What’s Available on Film Movement Plus?

Posted in What's Streaming? by - August 30, 2020
What’s Available on Film Movement Plus?

It’s a new day, which means I’m looking at the selections in a streaming service that I have on my fingertips. I might as well write about these streaming services as a way to cough out capsule reviews of films that I’d never know I’d watch again. Film Movement Plus’ selling point is its selection of world cinema. Film Movement Plus has a classic section, including Lee Tamahori’s Once Were Warriors.

Warriors‘ A plot is about the tumultuous marriage between Beth (Rena Owen) and Jake Heke (Temeura Morrison). Depicting and performing that relationship kept both actors booked and blessed for the next four decades. And those bookings include Star Wars gigs. But it’s not just about these two characters, it also has Jake’s brother Bully (Cliff Curtis, also booked and blessed). The couple also have children like Taungaroa Emile as Boogie, who rediscovers his Maori heritage.

Film Movement Plus also has a Certified Fresh section, showing the role both of critics and streaming services in reintroducing audiences to world cinema. One of those fresh picks is Hirokazu Kore-Eda’s After The Storm, letting us enjoy all 6’2″ of Hiroshi Abe. Abe plays Ryota, an author turned gambler trying to be present for his ex-wife and son. It revels in all three of those worlds, especially Japan’s gambling culture. Which made me notice that this streaming service likes its dysfunctional dads. Although, of course, Ryota’s more redeemable than Jake.

But sometimes, Film Movement Plus has films with male characters who are young and trying to survive a hostile world. The service had help from the New York Times’ Critics to pick out some selections. That includes Theeb, where its titular character (Jacir Eid Al-Hwietat) feels the personal effects of WWI’s African theater. It shows you the flies already feasting on Theeb’s brother Hussein (Hussein Salameh Al-Sweilhiyeen) and how the former chooses the mourn that loss. All of this is happening in Arabia’s deserts, showing the coexistence of beauty and death.

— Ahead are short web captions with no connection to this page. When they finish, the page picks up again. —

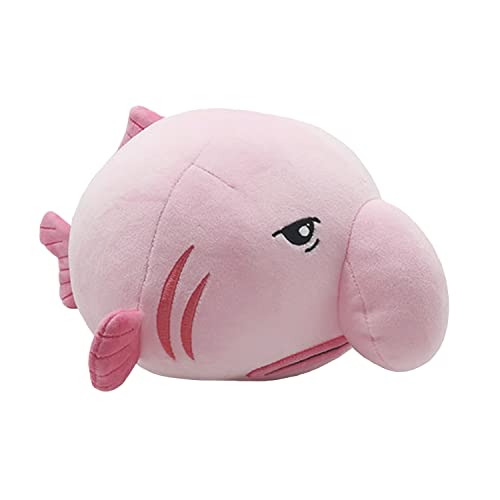 Blobfish sales plush toy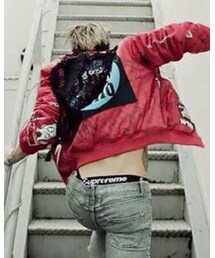 BIGBANG | Taeyang(ブルゾン)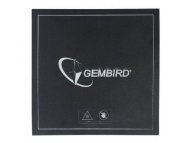 GEMBIRD 3DP-APS-01 Gembird podloga za 3D stampu, 152x152mm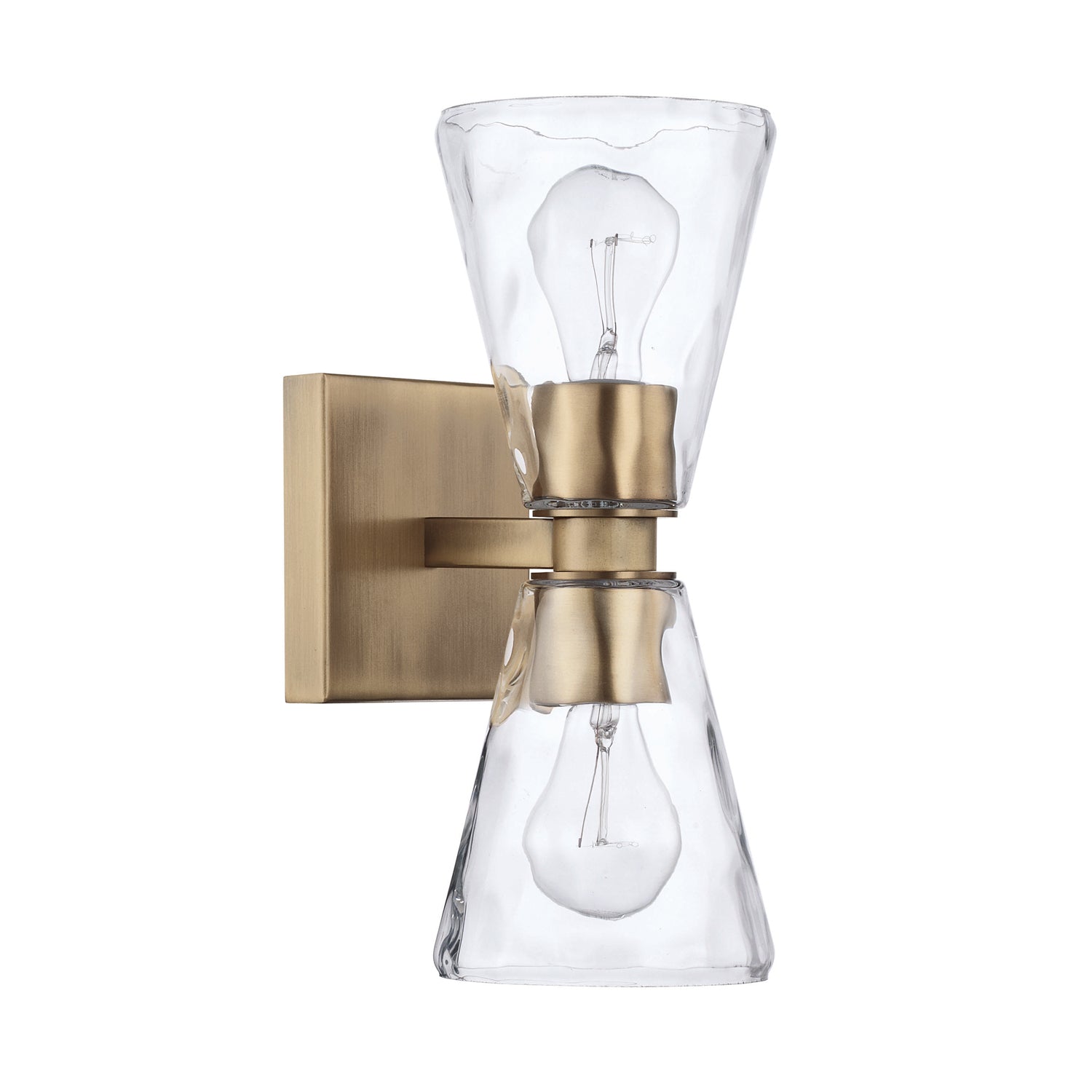  Lyra 2-Light Wall Sconce
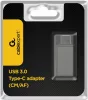 USB 3.0-Type-C adapter Cablexpert CMAF-01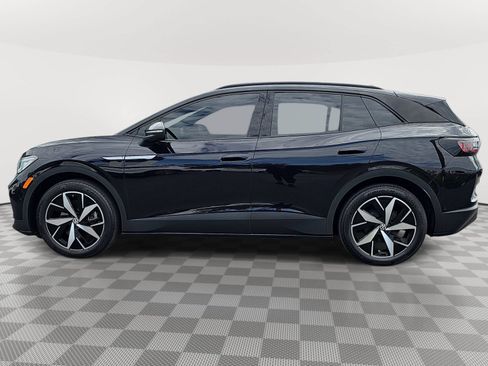 Used 2023 Volkswagen ID.4 S RWD image 8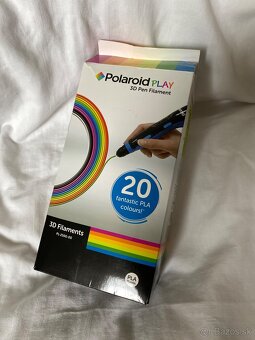 3D PERO POLAROID PLAY - 2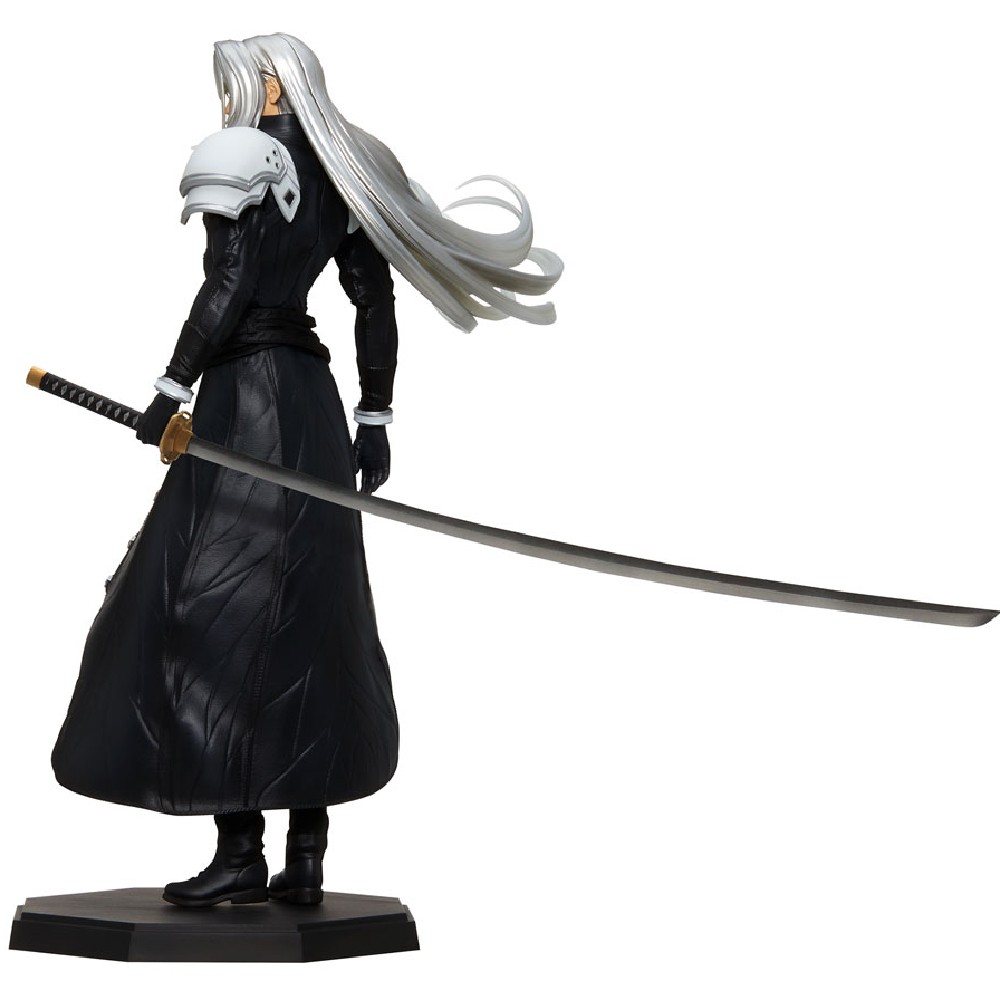 Figurina Final Fantasy VII Remake Sephiroth - imagine 2
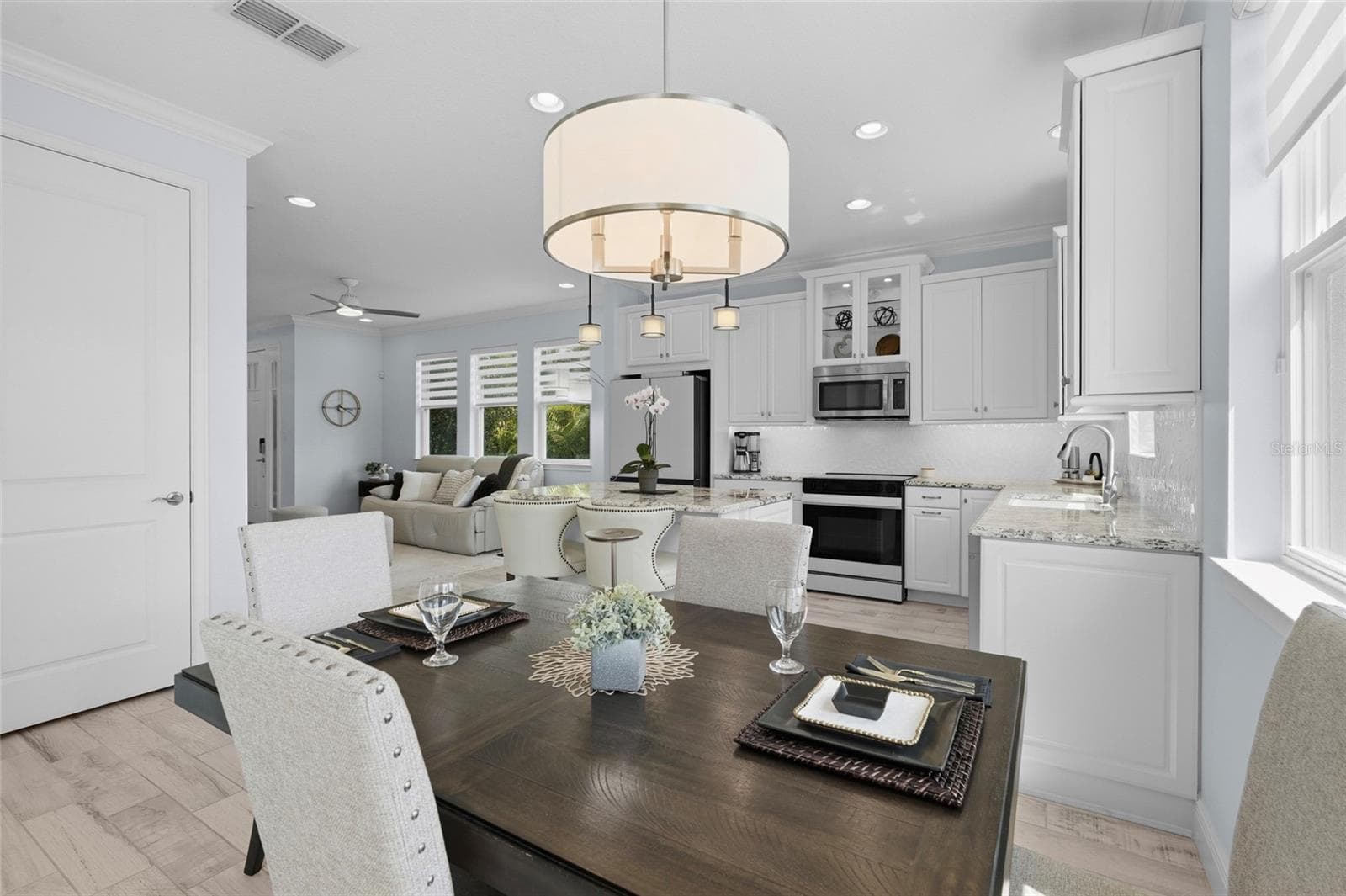 Townhouse at 5353 BENTGRASS WAY, LAKEWOOD RANCH, photo 52 of 145
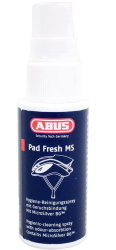 Очиститель для шлема Abus Pad Fresh MS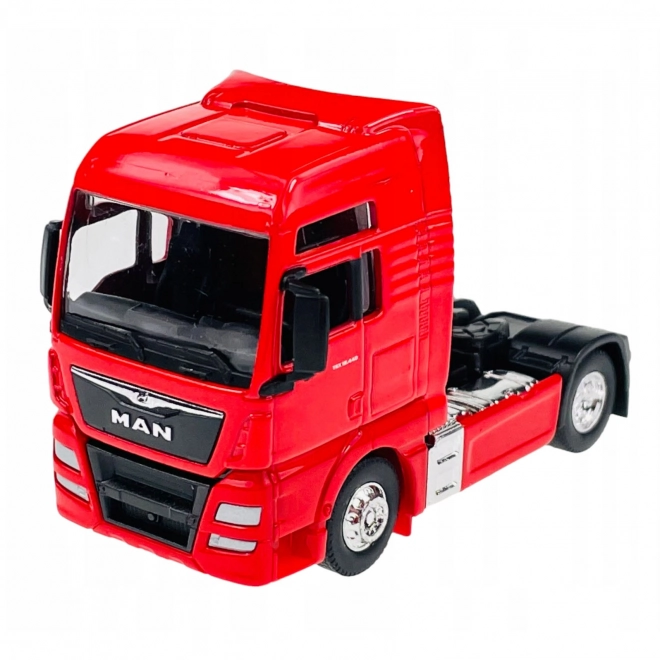 Model kamiona MAN 1:64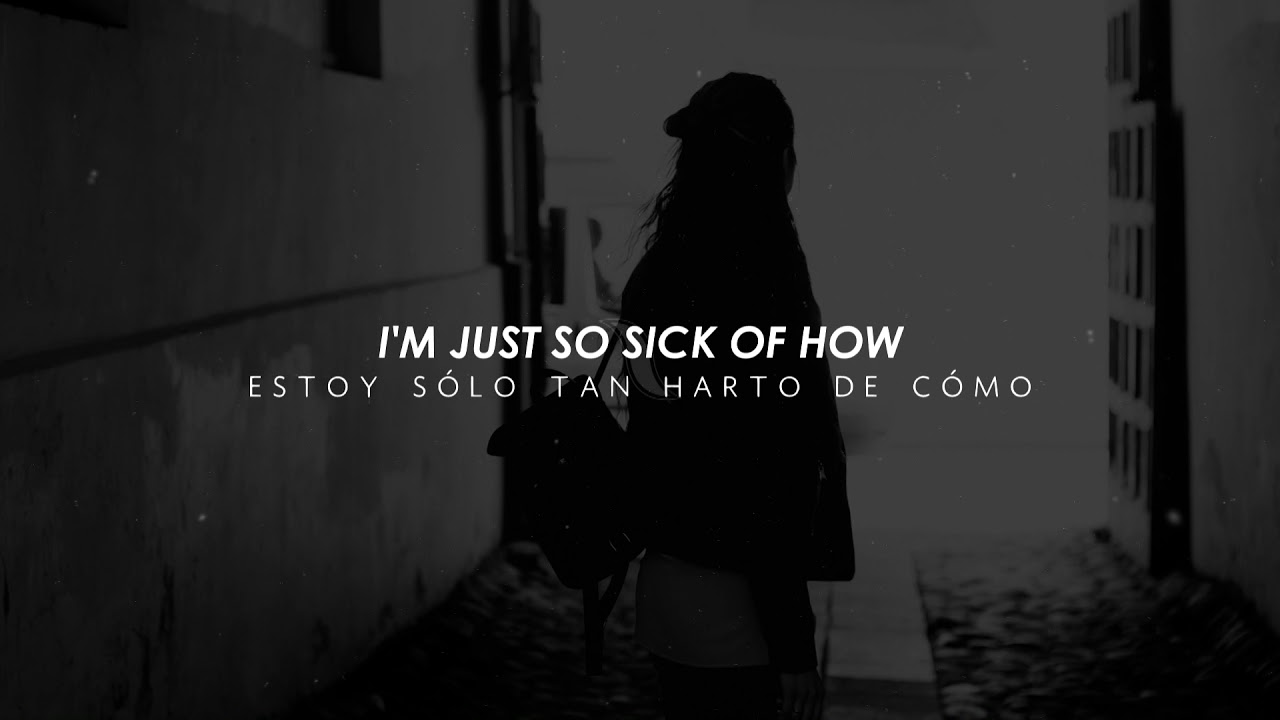 The Plot In You  - I Always Wanted To Leave |ESPAÑOL|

Those who know me know that I sometimes like my films short and sweet, and this service dedicates sections both to shorts and animation shorts. You have to scroll down for the latter, but because of that, it lets audiences discover documentary shorts like Clement Cogitore’s Les Indes Galantes. It plays music from the eponymous Philippe Rameau opera, but it shows a diverse group of French kids krumping. The stage is a weird setting for such a dance but it reminds us of the multiple contexts in which this piece exists.

I miss krump. Audiences who are nostalgic for both krump and decades worth of world cinema can find it at Film Movement Plus. Start your free trial today.


This post was written by
While Paolo Kagaoan is not taking long walks in shrubbed areas, he occasionally watches movies and write about them. His credentials are as follows: he has a double major in English and Art History. This means that, for example, he will gush at the art direction in the Amityville house and will want to live there, which is a terrible idea because that house has ghosts. Follow him @paolokagaoan on Instagram but not while you're working.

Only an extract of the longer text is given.